Par ailleurs, l'individualisme et la culture absolue de l'argent font que l'on recherche les emplois bien rémunérés et n'exigeant pas trop de travail (pas nécessairement pendant, mais bien avant l'obtention dudit emploi, donc pendant les études). Les secteurs où les études sont réputées plus faciles sont donc très courus, alors que les programmes scientifiques, demandant plus d'engagement, se voient désertés. On le constate bien dans les chiffres exposés par M. Bouchard. Une première solution peut donc consister à rehausser les standards professionnels dans tous les secteurs d'activité. Pour connaître certains étudiants en éducation au secondaire, par exemple, j'ai appris que le programme est peu exigeant. La cote R pour y accéder est d'ailleurs fixée à 24 environ (note très moyenne), la plupart du temps obtenue dans le programme des sciences humaines. À titre de comparaison, il faut une cote R de plus de 30 (excellents résultats) dans le domaine des sciences de la nature pour être assuré de bien performer dans les programmes scientifiques universitaires. Pourquoi alors ne pas demander plus de qualité pour nos futurs enseignants? Cette branche cessera alors d'être un déversoir pour les gens qui ne veulent pas trop travailler. (À noter que je ne dis pas ici que les enseignants ne sont pas en général compétents; il existe toutefois un glissement notable dans la formation à l'heure actuelle. Il faudrait, parallèlement à cela, publiciser massivement le programme des sciences de la nature.
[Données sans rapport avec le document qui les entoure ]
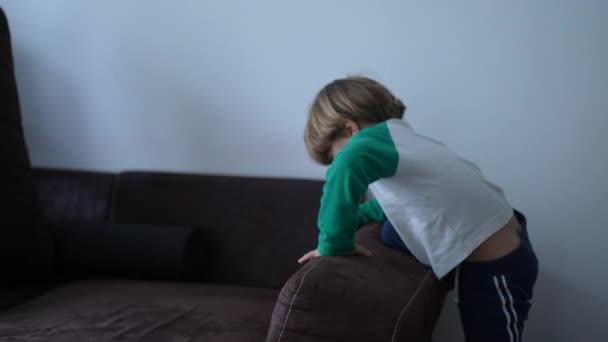 Criança Escalando Cima Borda Sofá Sofá Casa — Vídeo de Stock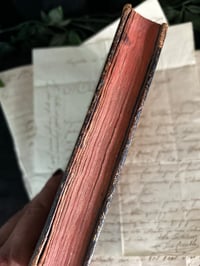 Image 6 of Livre ancien à secret, rare, reliure en cuir avec armoiries royales, XVIII siècle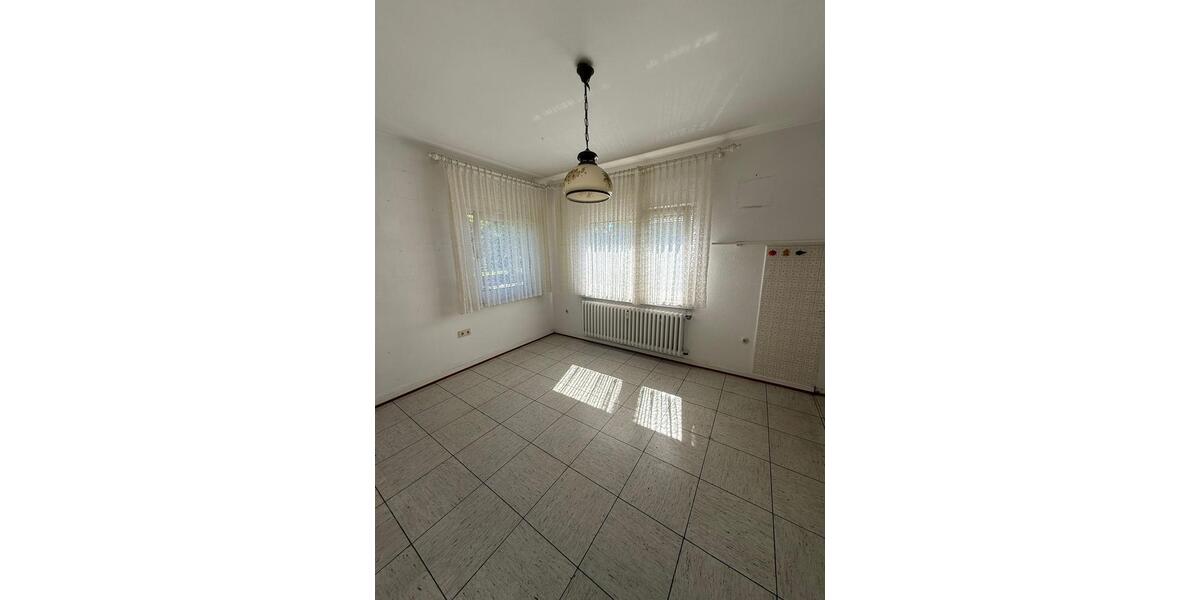 Mehrfamilienhaus, Wohnhaus Bonn Friesdorf - 6 Zimmer, 135 m&sup2;, 469.000&euro; | Angebot:26720824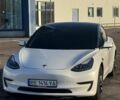 Білий Тесла Модель 3, об'ємом двигуна 0 л та пробігом 52 тис. км за 25500 $, фото 7 на Automoto.ua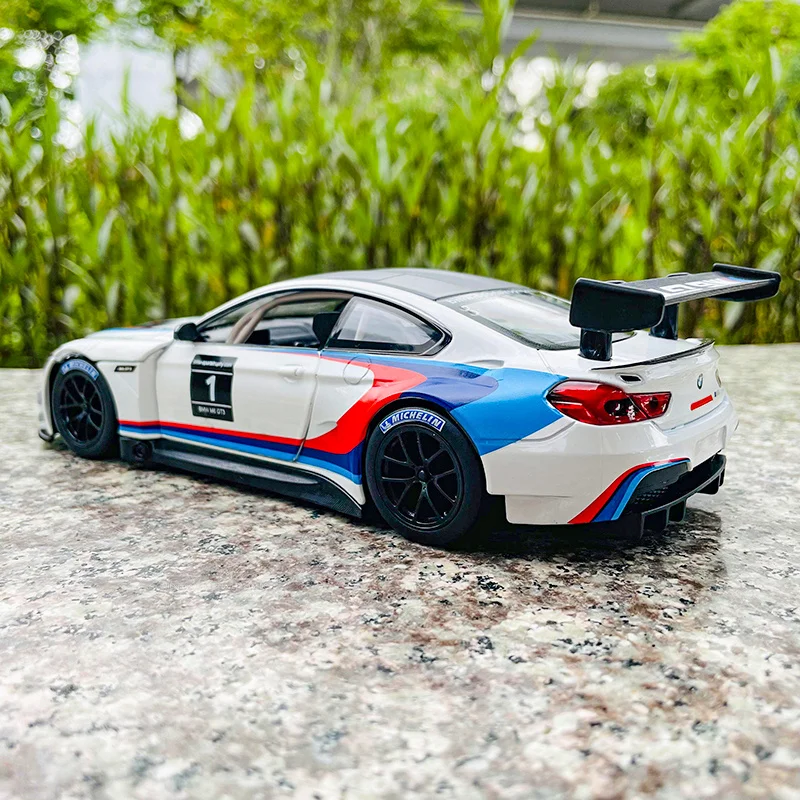 BMW M6 GT3ミニカー Msz-bmw m6 gt3子供用レーシングカー,1:24,ダイキャストとライト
Nous sommes confrontés à un autre paradoxe. Proportionnellement à notre population, nos jeunes sont ceux qui participent les plus nombreux aux Expo-Sciences dans leur jeunesse, ce qui représente un point très positif. À l'opposé, on souligne relativement peu leur succès par la suite; on préfère parler de sports. Comme je l'ai déjà dit, sans sous-entendre qu'il faut cesser de se préoccuper des réussites sportives des jeunes, nous avons à revoir toute notre culture face à la science et aux activités intellectuelles. Si le milieu n'est pas porté à valoriser les sciences de la nature, comment les jeunes voudraient-ils s'y orienter? On entend la plupart du temps que c'est un programme exigeant (ce qui est le cas), mais beaucoup plus rarement de ses aspects positifs, comme les nombreuses activités proposées aux étudiants, le support actif des professeurs, etc.
C'est tout un renversement de culture et de mentalité auquel il faut procéder. Cela demandera beaucoup de travail et probablement quelques mesures plus corsées. Il faut de l'argent pour promouvoir les sciences (à quoi bon former les jeunes si par la suite aucun fonds n'est disponible pour la recherche?) et les entreprises technologiques. Il faut publiciser à plus grande échelle les sciences. Il faut, surtout, court-circuiter la loi du moindre effort qui émerge chez les jeunes.